Methods
A systematic search of PubMed, EMBASE and Cochrane library was done with no restriction on publication date. The following search strategy was used: [infectious mononucleosis OR glandular fever] AND [liver function* OR liver enzyme* OR ultrasound]. Two authors (ETT, DW) independently screened title and abstract according to prespecified criteria and full texts of relevant articles were retrieved for further eligibility assessment. References of included full text articles were further screened for relevant studies. Any discrepancies on study eligibility were discussed with a third author (OE) and resolved accordingly.

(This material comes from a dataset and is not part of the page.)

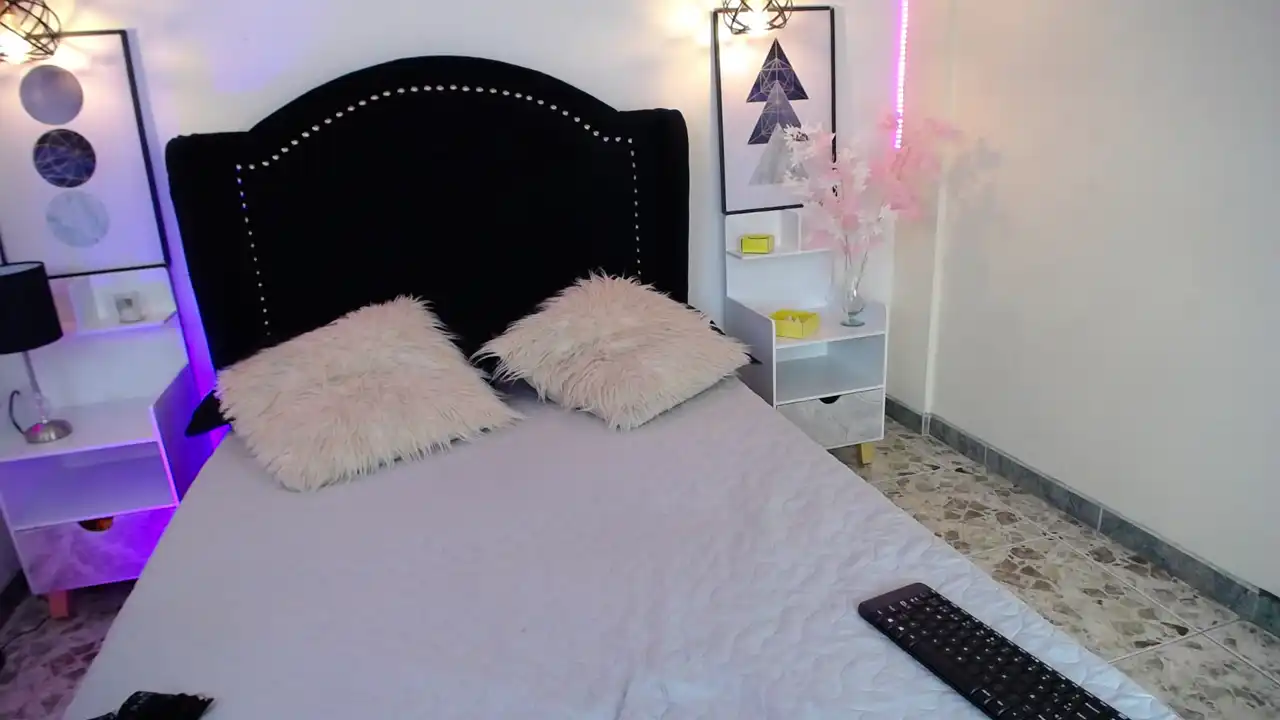 Daniruiz – Xlovecam Recorded Sex Show – 2025-11-08 16:46:11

We included all original studies evaluating any form of LFTs and/or abdominal ultrasound (USS) in both adult and/or paediatric patients with suspected or confirmed diagnosis of IM. Standard LFTs included any of the following: Aspartate Transaminase (AST), Alanine Transaminase (ALT), Alkaline Phosphatase (ALP), Bilirubin, Albumin, Total protein and Gamma-Glutamyltransferase (GGT). Abdominal ultrasound included liver and/or spleen and/or gallbladder ultrasound. We excluded studies evaluating patients with solely viral hepatitis (i.e. not related to clinical presentation of infectious mononucleosis), reviews, non-human studies, conference abstracts, letters/commentaries, expert opinions or recommendations, case reports and studies not published in English.

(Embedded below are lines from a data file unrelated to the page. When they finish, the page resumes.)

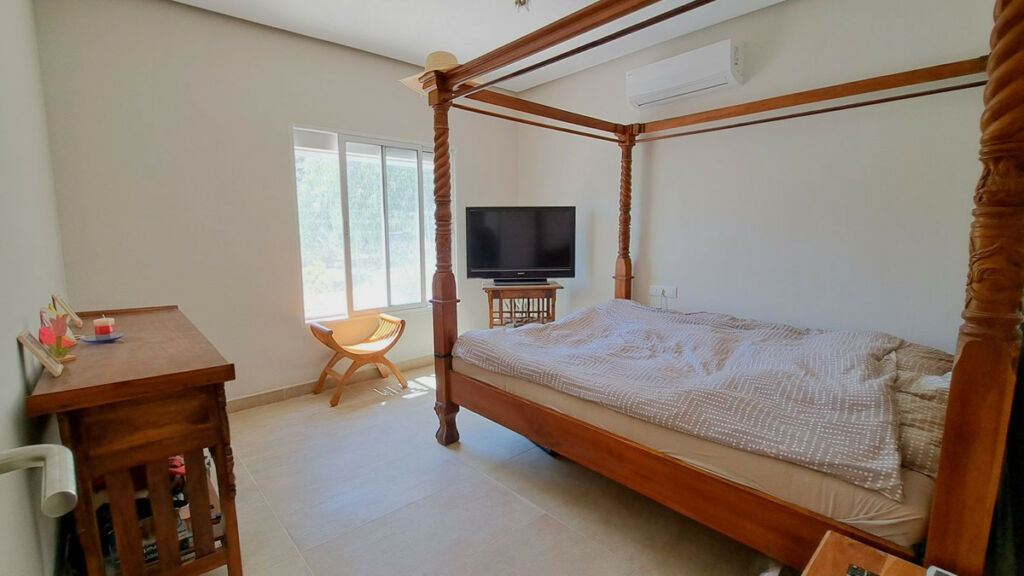 Detached Villa Teulada Alicante - image 10
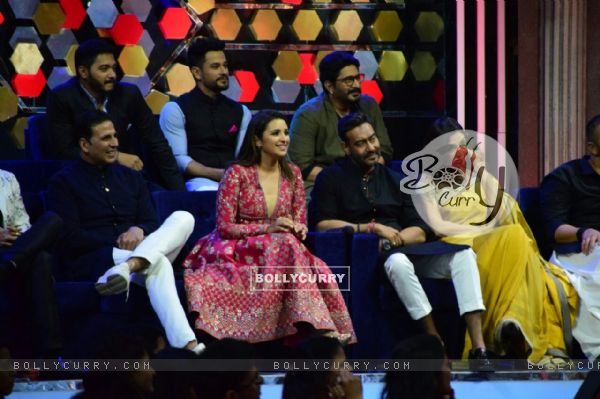 Golmaal Again Team on the sets of The Great Indian Laughter Challenge (430316)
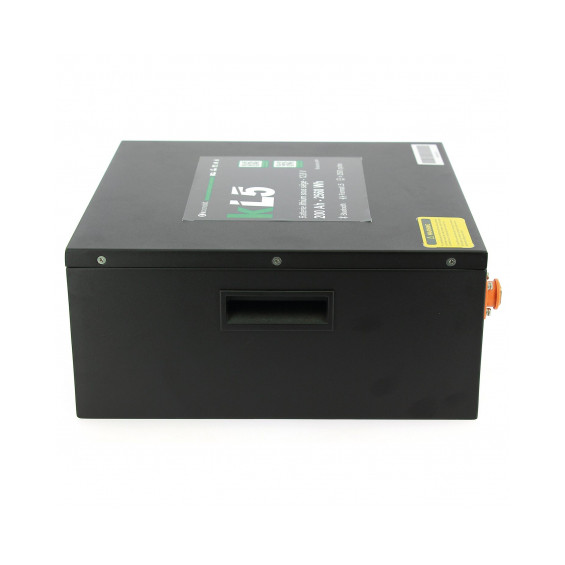 Batterie lithium LiFePO4 Koonekt KL5 200Ah sous-siège - vue de profil format plat boîtier métal noir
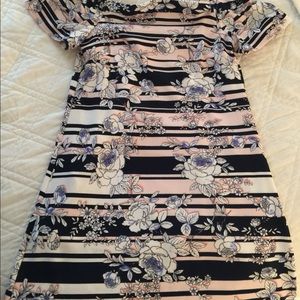 Jessica Simpson off the shoulder dress size 10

A standardized data collection proforma was used. This was initially piloted on five studies by all authors and revised accordingly. Subsequent data collection was by one author (DW) and checked for accuracy by a second author (ETT). In case of duplicate publications, we included the manuscript with the most complete data. The following data items were extracted: study characteristics, participants’ demographics, method of ascertainment of IM, evaluation of LFTs, clinical findings on abdominal ultrasound and complications relating to liver disease. Our main outcomes are the proportion of patients with abnormal LFTs at presentation and time to resolution of LFTs. Secondary outcomes include presence of clinical hepatosplenomegaly, findings of abdominal ultrasound and any evidence of decompensated liver disease.

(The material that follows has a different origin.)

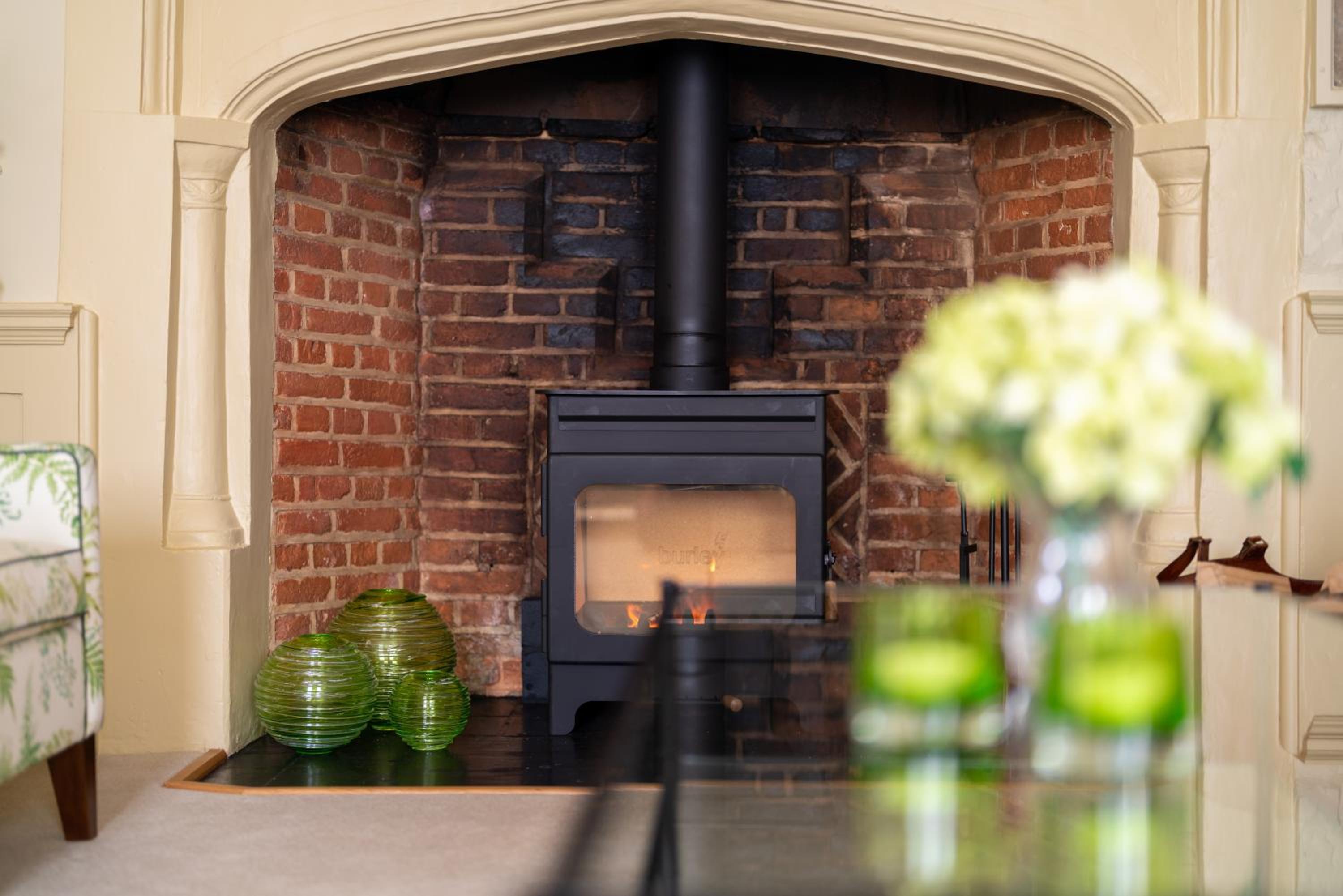 Historic 1601 Townhouse with Four Poster Bed & Garage Parking in Central Chichester for up to 8 Adults view 5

Quality assessment of included studies were performed using Murad’s tool.3Although the tool was originally developed for case series and case reports, this was discussed among the authors and deemed suitable for our review irrespective of study type as we were only extracting data relating to a single arm of interest. Data was expressed as count and percentages. Proportion of abnormal LFTs in individual studies were aggregated and an average calculated for all studies.
PRISMA reporting guideline was used in preparation of the manuscript.